Christie Aims to Limit NJ School Superintendents' Pay
New Jersey governor Chris Christie is expanding the so-called "toolkit" of reforms that municipalities can use to keep their budgets within the two-percent annual cap on property tax increases.
KYW's David Madden reports that this one deals with what school superintendents are paid:
The average superintendent's salary in districts with more than 1,000 students is just over $192,000 per year, and trends show those numbers going up at more than twice the rate of inflation.
So Christie's plan would cap those salaries on a sliding scale from $120,000 to $175,000, based on population, effective as individual contracts come up for renewal.

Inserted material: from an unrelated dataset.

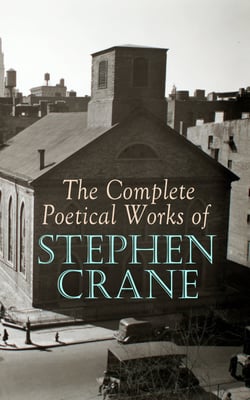 The Complete Poetical Works of Stephen Crane - The Black Riders and Other Lines &amp; War is Kind: 100+ Poems &amp; Verses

New Jersey education commissioner Bret Schundler says administrative salaries run the gamut:
"The superintendents who are getting paid beyond all reason may not like this policy, but the others will see it as bringing some sense to a system that's very chaotic."
Richard Bozza, executive director of the New Jersey Association of School Administrators, believes the move is based more on politics than need:
"There's clear evidence New Jersey's administrative costs are ninth lowest in the nation, according to the federal data, so we're apparently attempting to solve a problem that doesn't exist."
The association predicts the change will cause many good superintendents to work elsewhere.
Schundler plans public hearings in September and intends to issue a new policy by year's end that would place the cap into effect by administrative order.